● Try it
Using the data that follows, give again word for word the lines between the one holding "MICA Kerstfiguur eland" and the one holding "Consultar O Histórico", inclusive. Omit the pictures.

● Given data
● ● ●
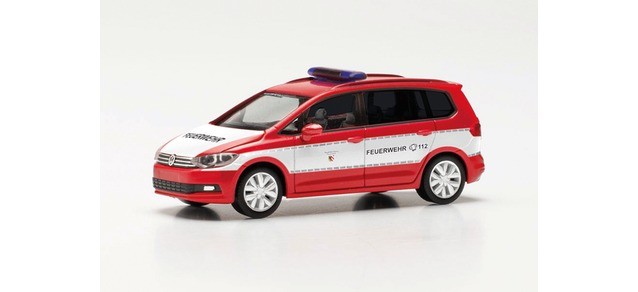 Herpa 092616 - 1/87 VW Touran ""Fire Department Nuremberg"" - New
● ● ●
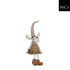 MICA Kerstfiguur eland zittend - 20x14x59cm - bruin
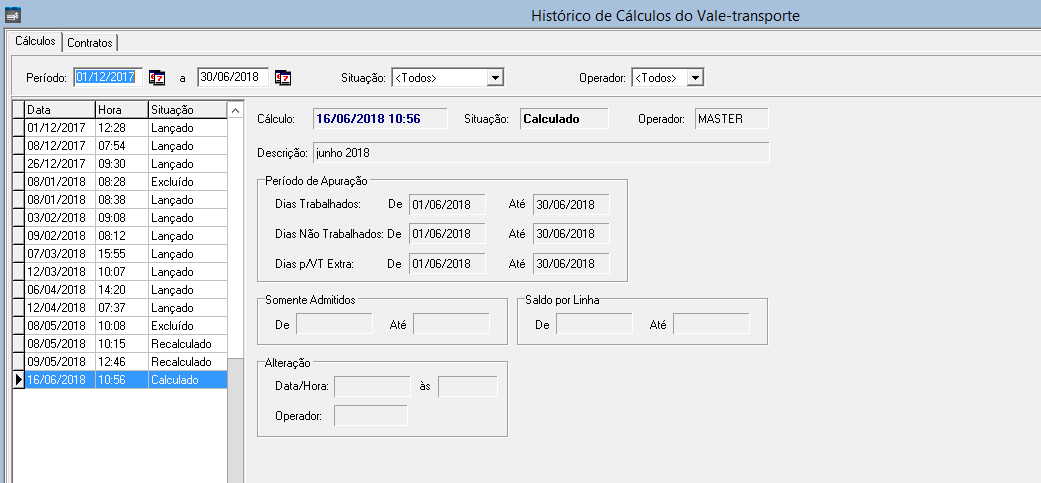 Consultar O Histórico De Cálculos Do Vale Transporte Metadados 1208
● ● ●
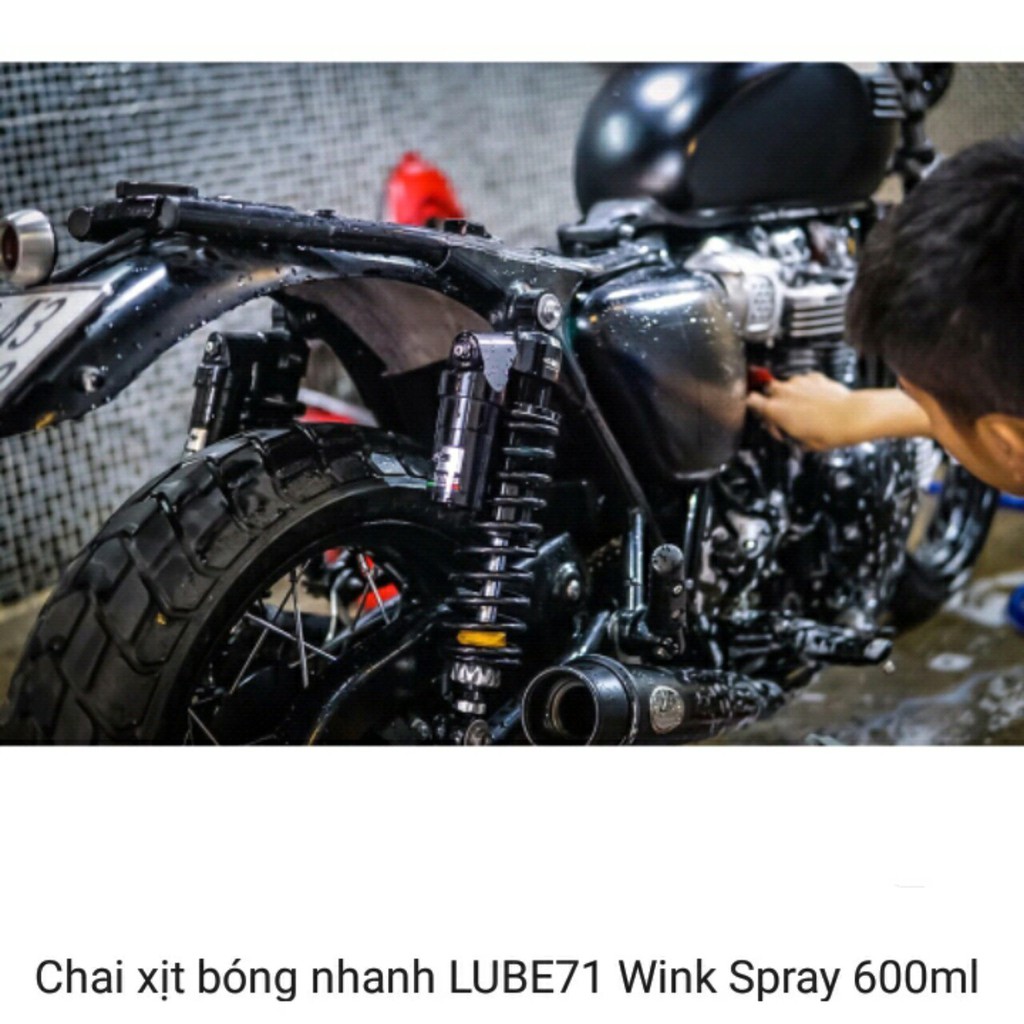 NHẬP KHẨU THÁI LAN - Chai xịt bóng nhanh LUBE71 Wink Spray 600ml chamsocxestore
● ● ●
● Response below
 MICA Kerstfiguur eland zittend - 20x14x59cm - bruin
 Consultar O Histórico De Cálculos Do Vale Transporte Metadados 1208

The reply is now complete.